Caption-style text data
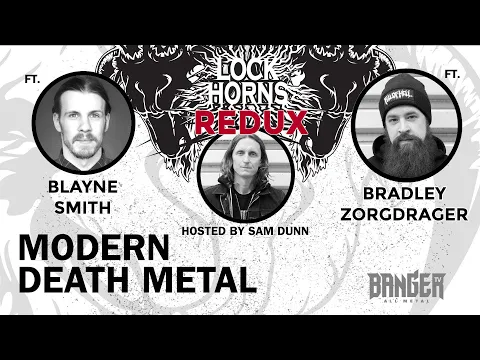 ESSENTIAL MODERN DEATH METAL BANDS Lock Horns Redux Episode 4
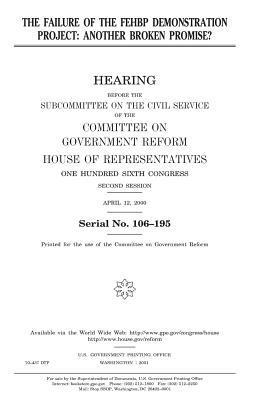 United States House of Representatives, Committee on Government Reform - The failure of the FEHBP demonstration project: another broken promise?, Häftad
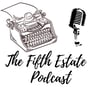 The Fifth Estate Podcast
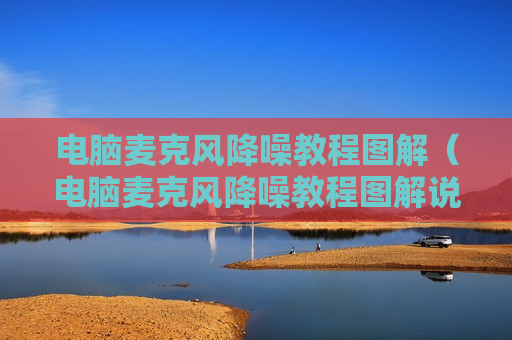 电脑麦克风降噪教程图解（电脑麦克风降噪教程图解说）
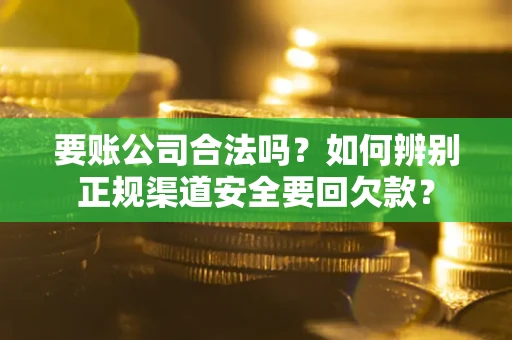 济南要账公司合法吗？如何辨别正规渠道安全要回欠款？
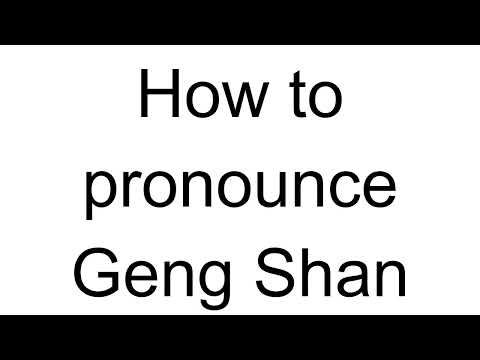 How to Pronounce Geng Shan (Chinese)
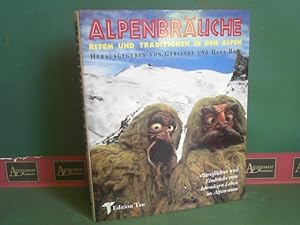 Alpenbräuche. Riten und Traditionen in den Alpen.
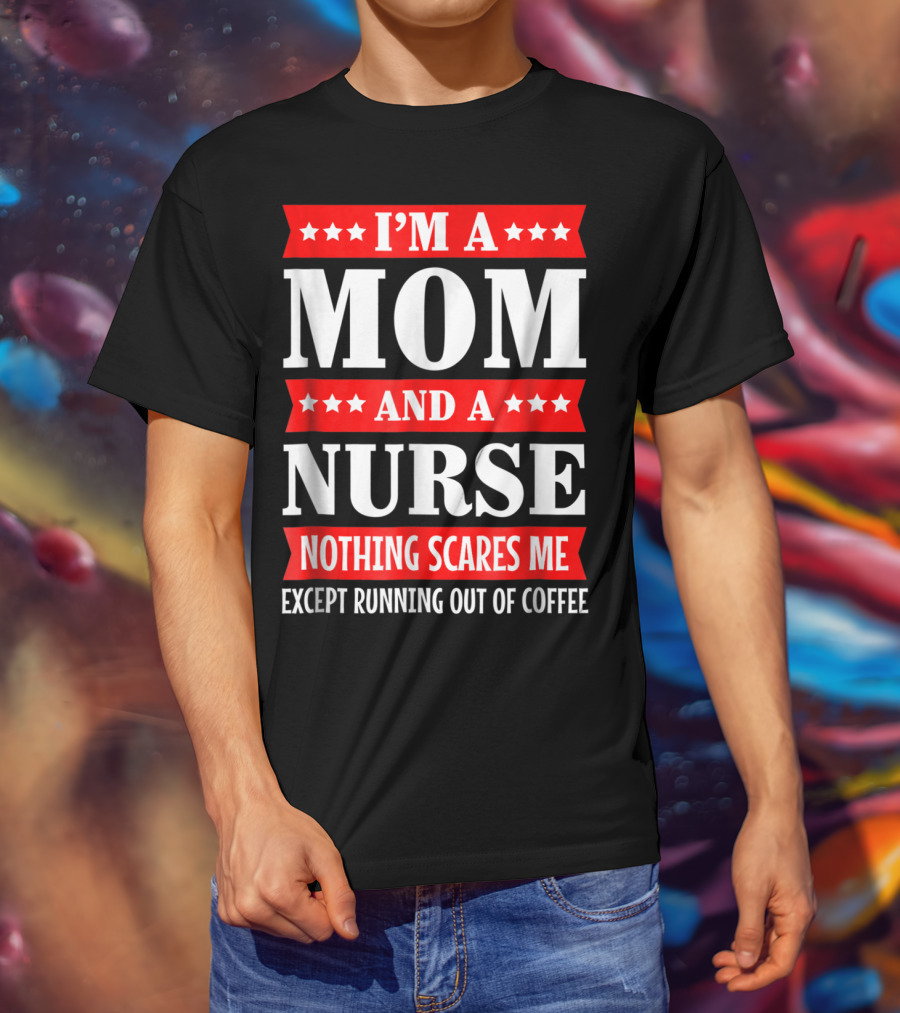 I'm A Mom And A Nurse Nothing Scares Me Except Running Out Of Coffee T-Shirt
==
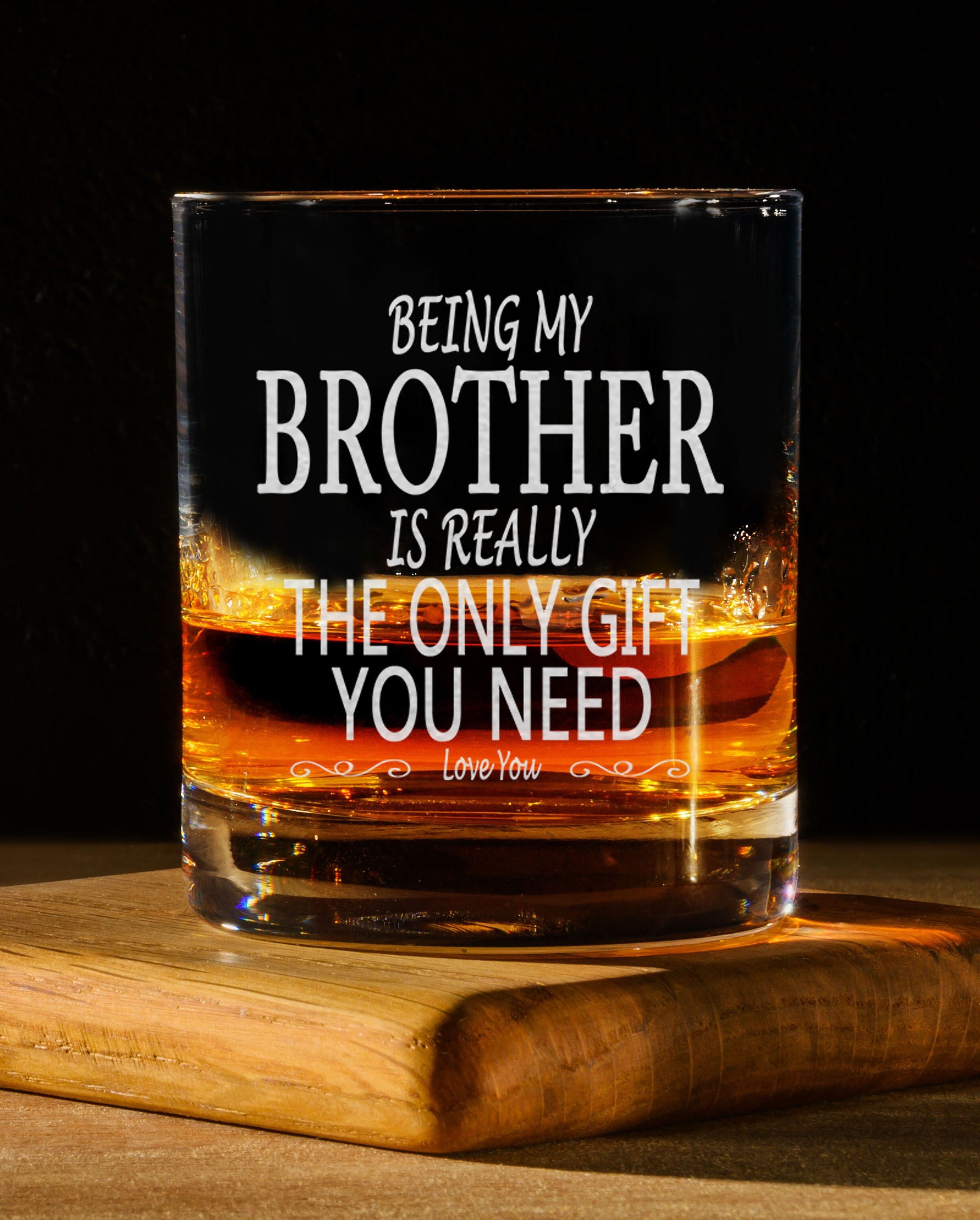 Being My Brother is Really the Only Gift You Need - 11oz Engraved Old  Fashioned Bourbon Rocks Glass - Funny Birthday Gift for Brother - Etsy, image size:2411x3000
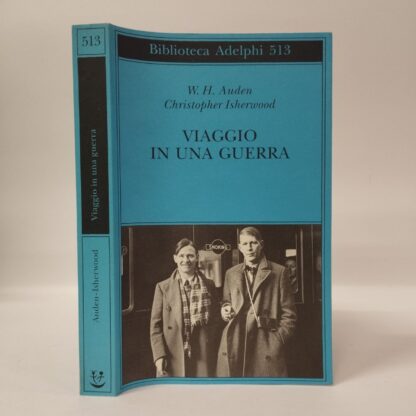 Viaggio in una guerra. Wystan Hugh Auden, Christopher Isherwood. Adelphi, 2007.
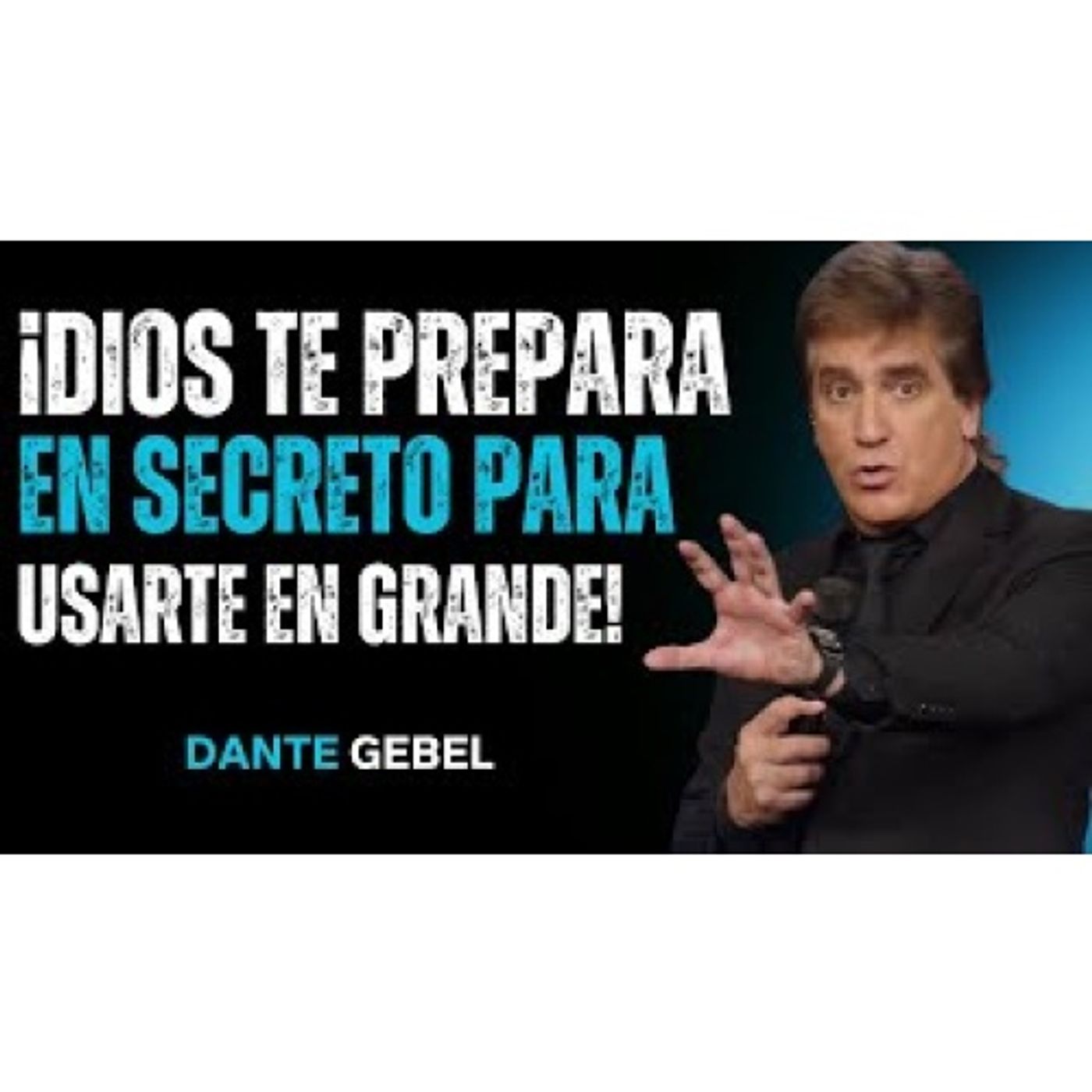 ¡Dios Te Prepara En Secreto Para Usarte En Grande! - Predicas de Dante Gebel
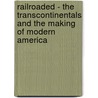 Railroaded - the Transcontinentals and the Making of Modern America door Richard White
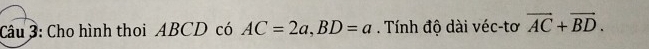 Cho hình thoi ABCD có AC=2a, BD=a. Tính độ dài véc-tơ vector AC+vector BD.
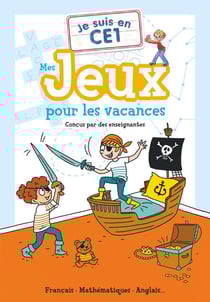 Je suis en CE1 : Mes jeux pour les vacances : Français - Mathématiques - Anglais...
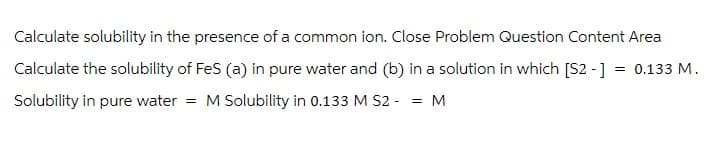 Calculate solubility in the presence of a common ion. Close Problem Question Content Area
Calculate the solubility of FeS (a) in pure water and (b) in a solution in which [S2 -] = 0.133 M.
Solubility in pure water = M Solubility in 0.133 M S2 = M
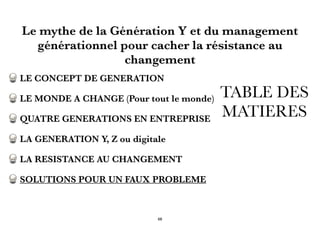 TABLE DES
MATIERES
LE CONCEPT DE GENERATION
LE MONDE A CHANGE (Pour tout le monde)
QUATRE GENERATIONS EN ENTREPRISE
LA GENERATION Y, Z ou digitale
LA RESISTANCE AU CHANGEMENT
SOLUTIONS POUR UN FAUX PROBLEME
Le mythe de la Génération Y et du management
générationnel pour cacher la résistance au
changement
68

Problem description
Each line above that contains the word "water" should be copied.

The answer
Calculate the solubility of FeS (a) in pure water and (b) in a solution in which [S2 -] = 0.133 M.
Solubility in pure water = M Solubility in 0.133 M S2 = M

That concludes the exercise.